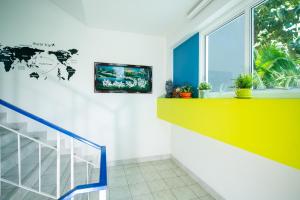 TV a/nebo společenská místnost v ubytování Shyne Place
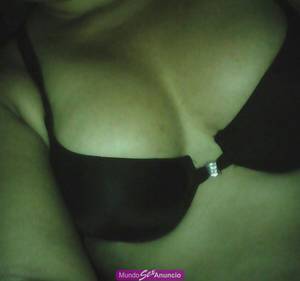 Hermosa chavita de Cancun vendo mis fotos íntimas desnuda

* * *

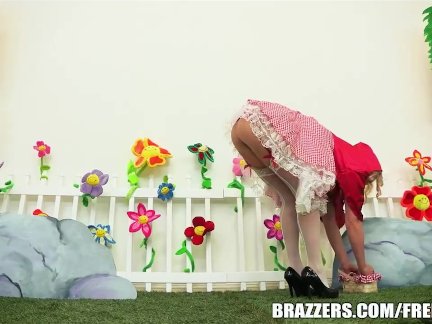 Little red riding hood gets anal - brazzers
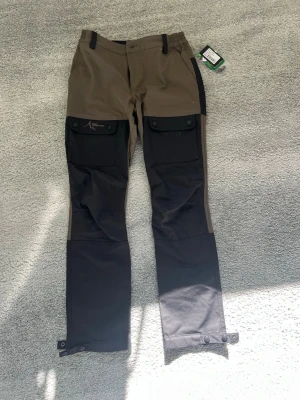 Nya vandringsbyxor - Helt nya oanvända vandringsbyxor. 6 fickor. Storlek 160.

...

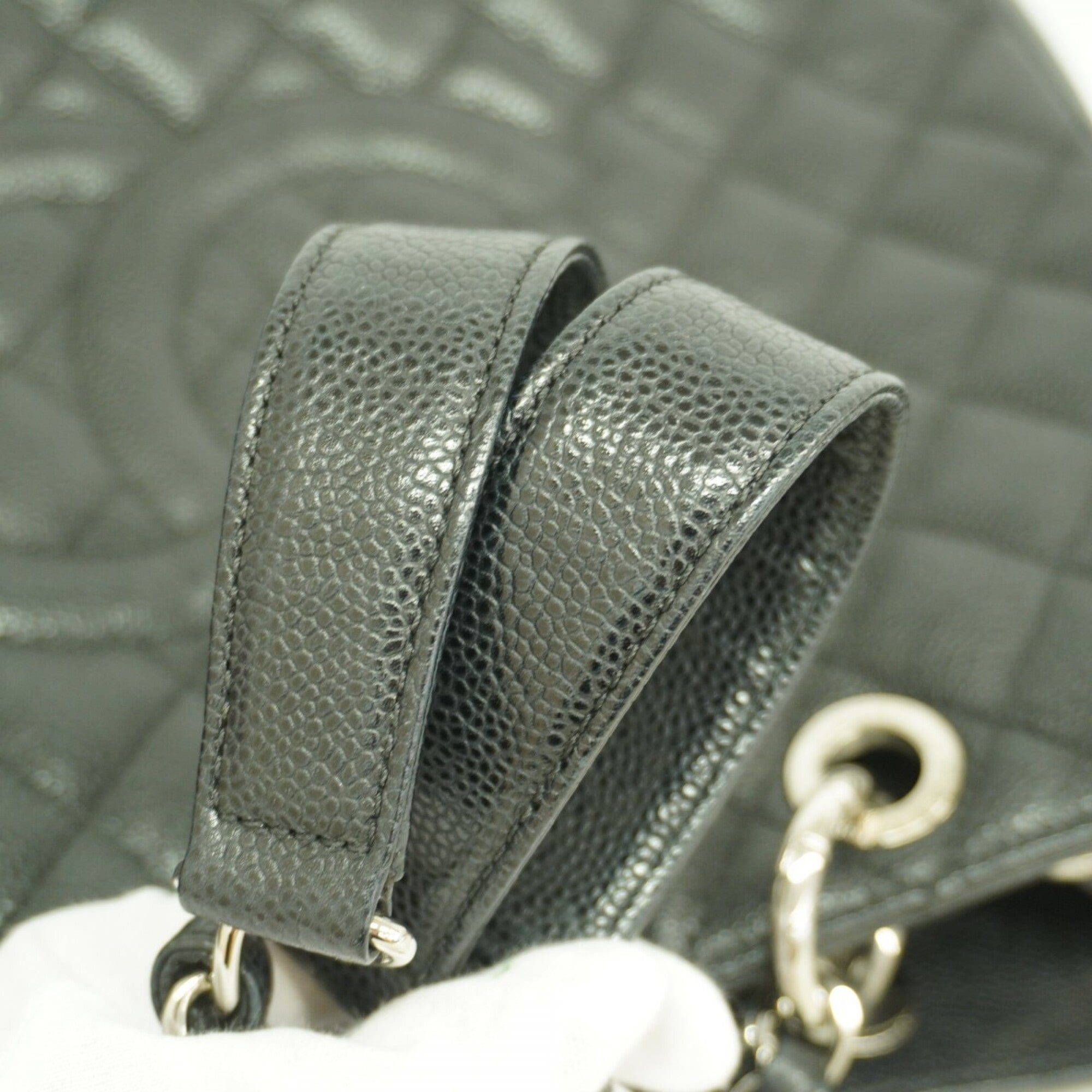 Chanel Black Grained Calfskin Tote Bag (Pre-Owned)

> **DIRECTIONS**: Look above for the line with "Little red riding hood gets anal - brazzers", then give again exactly every line from there through the line with "Nya vandringsbyxor - Helt", skipping the pictures.

> **RESULT**:
 Little red riding hood gets anal - brazzers
 Nya vandringsbyxor - Helt nya oanvända vandringsbyxor. 6 fickor. Storlek 160.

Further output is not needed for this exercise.